SOURCE INFORMATION =
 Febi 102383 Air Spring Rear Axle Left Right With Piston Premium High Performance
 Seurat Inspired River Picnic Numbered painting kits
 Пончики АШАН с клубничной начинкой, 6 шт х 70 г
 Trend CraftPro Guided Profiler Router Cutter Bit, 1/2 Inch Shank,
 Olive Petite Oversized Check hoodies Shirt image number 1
==
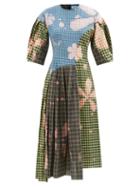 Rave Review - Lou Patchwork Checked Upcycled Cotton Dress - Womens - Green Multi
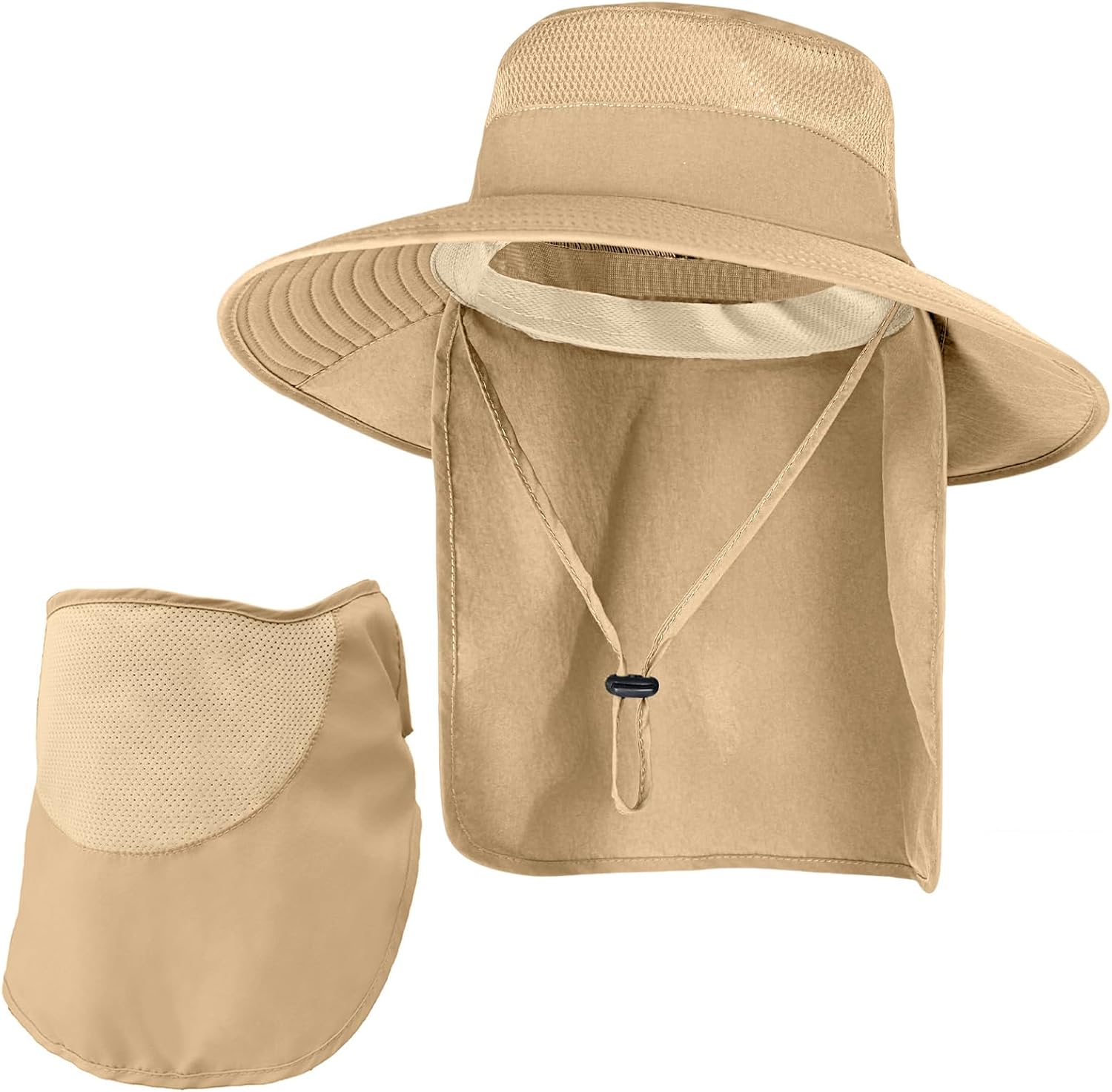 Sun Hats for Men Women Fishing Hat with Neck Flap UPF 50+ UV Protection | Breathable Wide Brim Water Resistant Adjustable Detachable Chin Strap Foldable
---
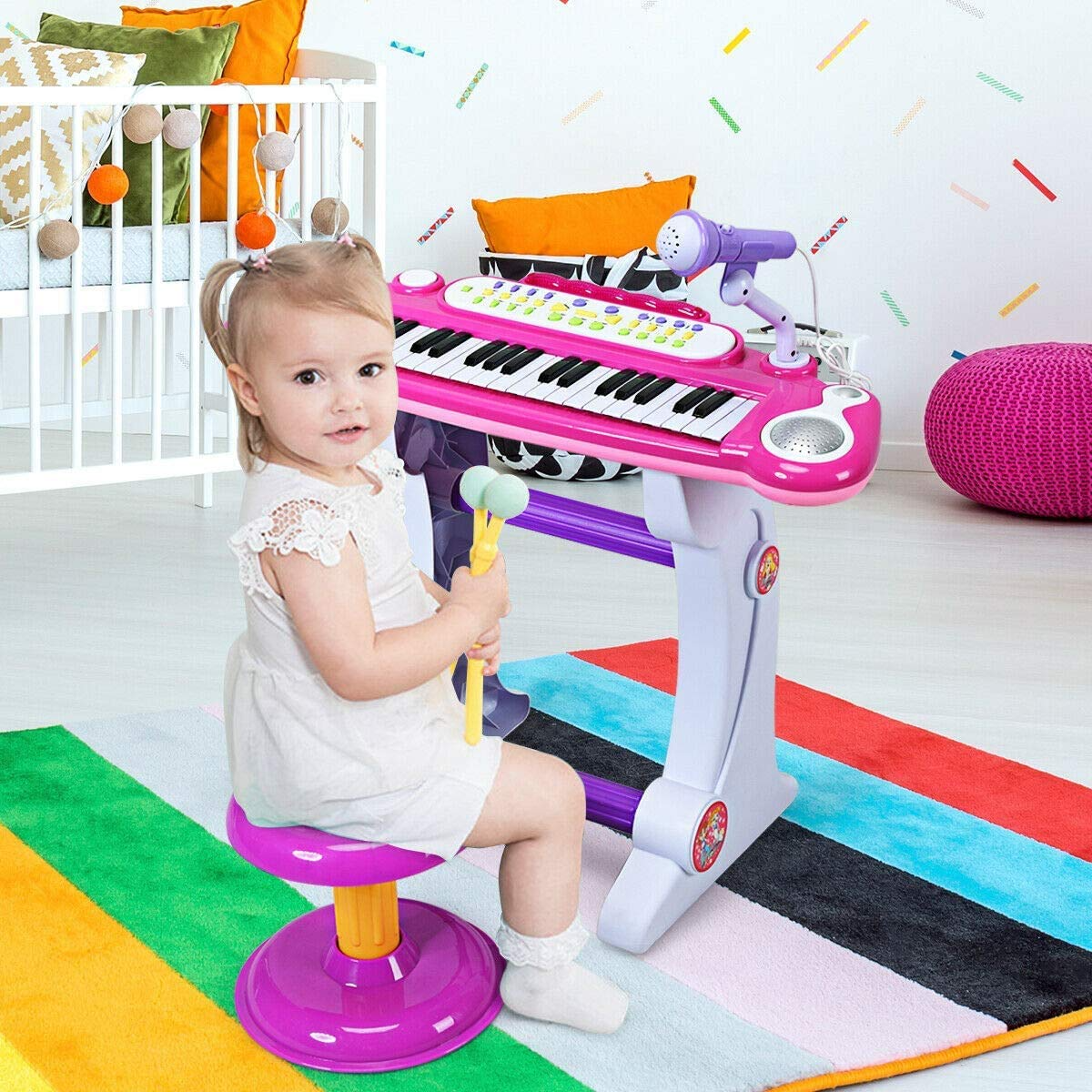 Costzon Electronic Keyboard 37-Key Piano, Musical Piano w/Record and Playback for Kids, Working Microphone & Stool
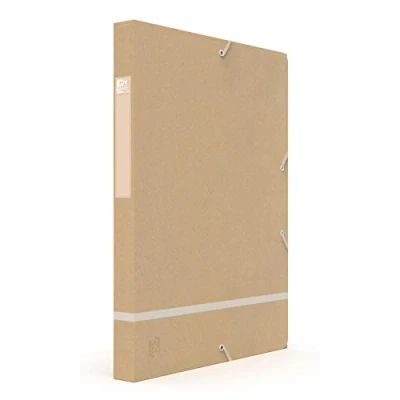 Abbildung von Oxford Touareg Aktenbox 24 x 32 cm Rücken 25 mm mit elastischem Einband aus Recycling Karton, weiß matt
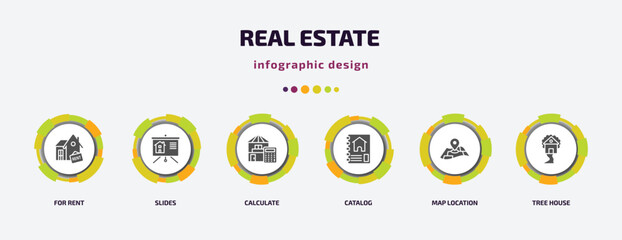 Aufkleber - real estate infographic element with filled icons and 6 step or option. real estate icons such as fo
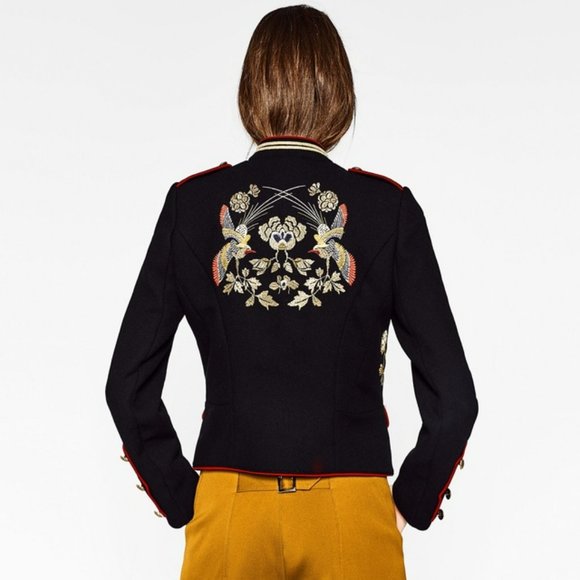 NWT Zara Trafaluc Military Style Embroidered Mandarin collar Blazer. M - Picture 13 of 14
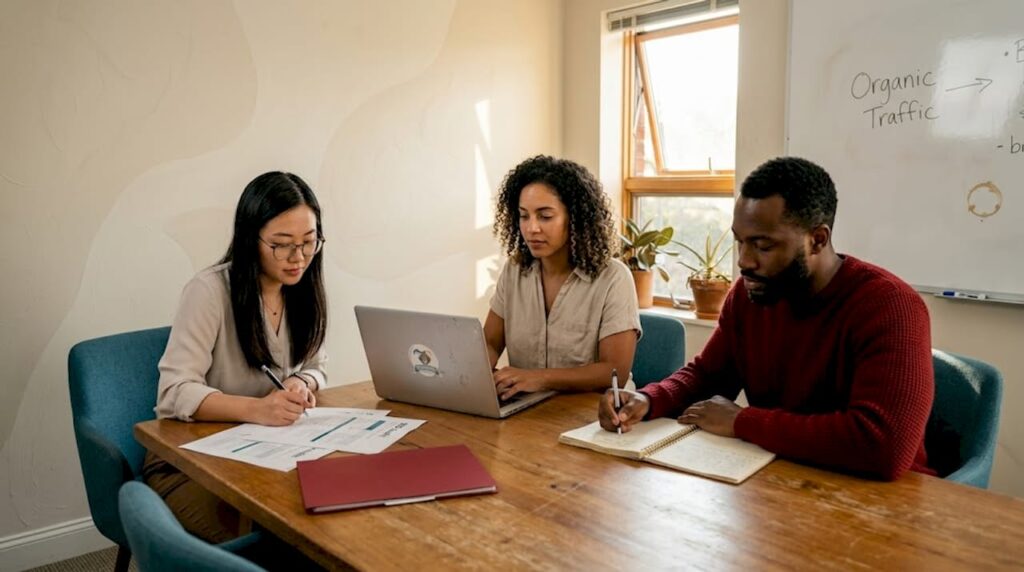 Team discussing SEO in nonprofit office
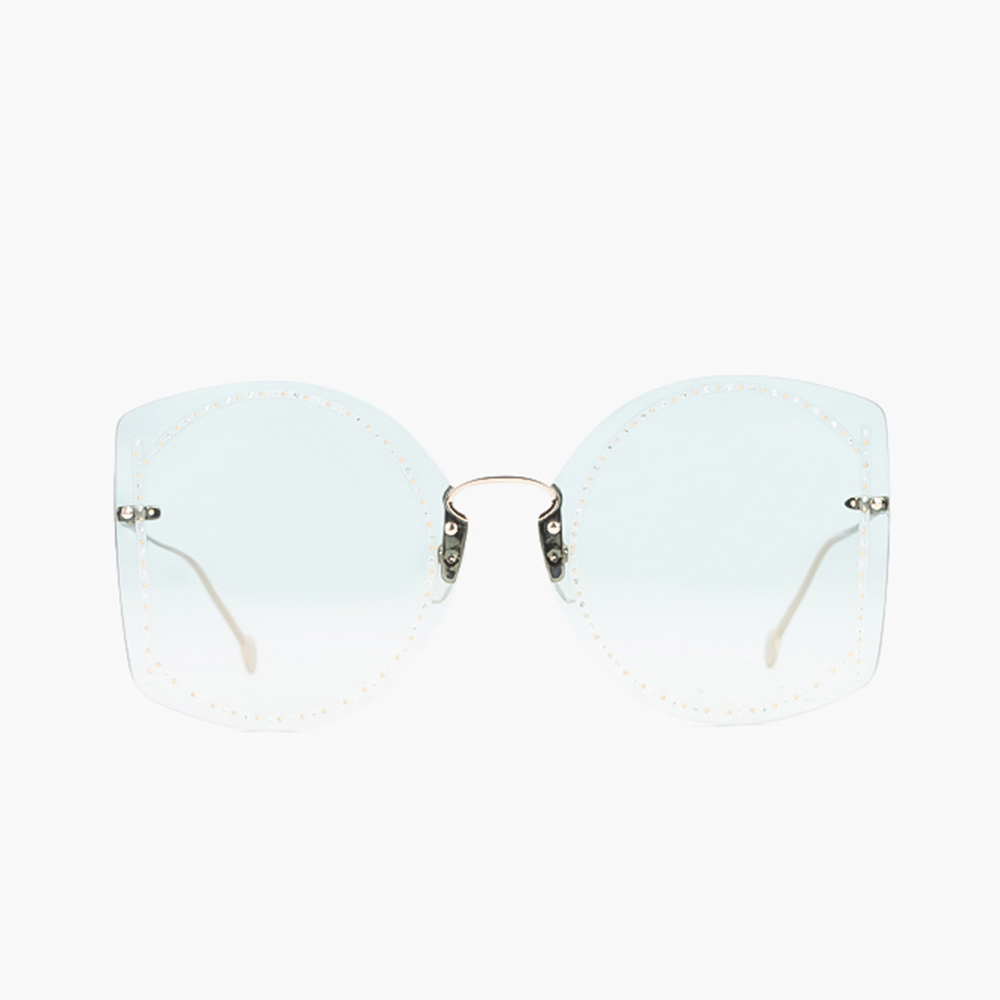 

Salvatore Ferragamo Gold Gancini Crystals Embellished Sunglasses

EXERCISE = Your reply is to repeat, unchanged, the lines above running from the one with "Febi 102383 Air" up to and including the one with "Olive Petite Oversized".

ANSWER TO THIS EXERCISE =
 Febi 102383 Air Spring Rear Axle Left Right With Piston Premium High Performance
 Seurat Inspired River Picnic Numbered painting kits
 Пончики АШАН с клубничной начинкой, 6 шт х 70 г
 Trend CraftPro Guided Profiler Router Cutter Bit, 1/2 Inch Shank,
 Olive Petite Oversized Check hoodies Shirt image number 1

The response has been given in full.